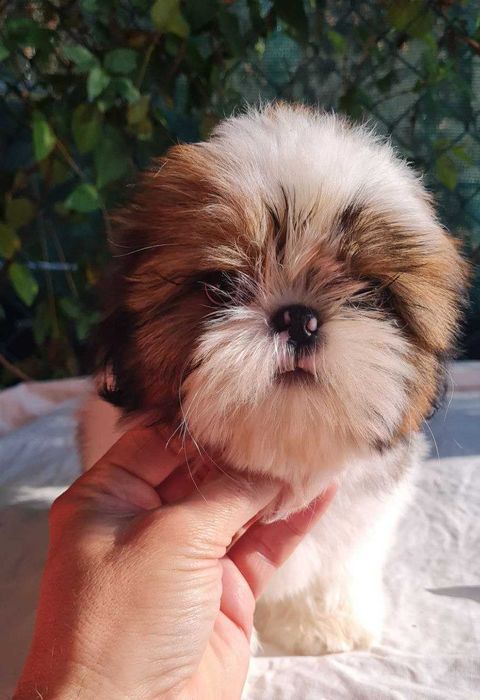Mascul  Shih Tzu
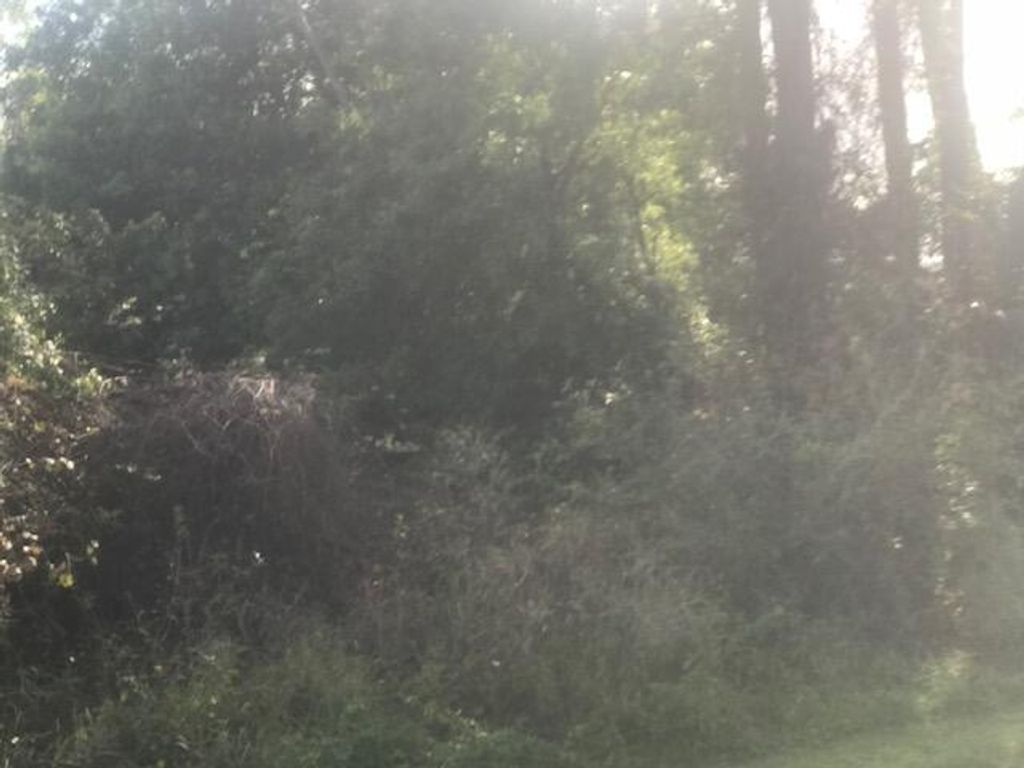 Photo of 1144 SW Estaugh Street, Port Saint Lucie, FL 34953 (MLS # R10780656)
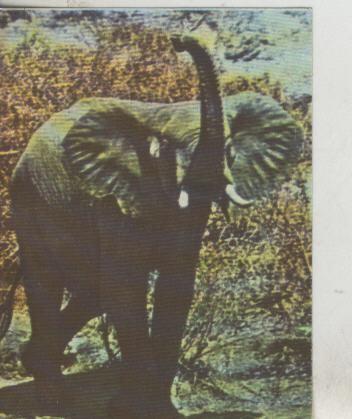 Cromos: La Naturaleza y sus maravillas numero 187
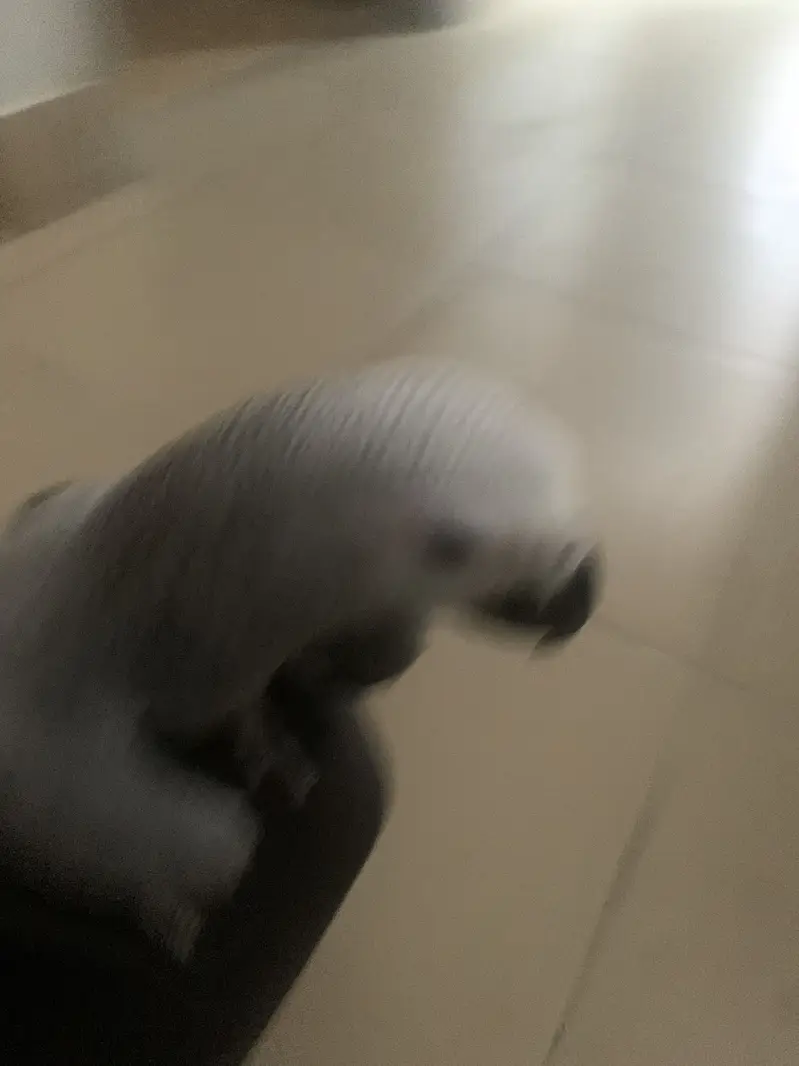 Grey parrot — photo 3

What is needed | Beginning with the line that contains "Photo of 1144", repeat every remaining line of the data exactly, the last line included, and omit pictures.

Answer for the task |
 Photo of 1144 SW Estaugh Street, Port Saint Lucie, FL 34953 (MLS # R10780656)
 Cromos: La Naturaleza y sus maravillas numero 187
 Grey parrot — photo 3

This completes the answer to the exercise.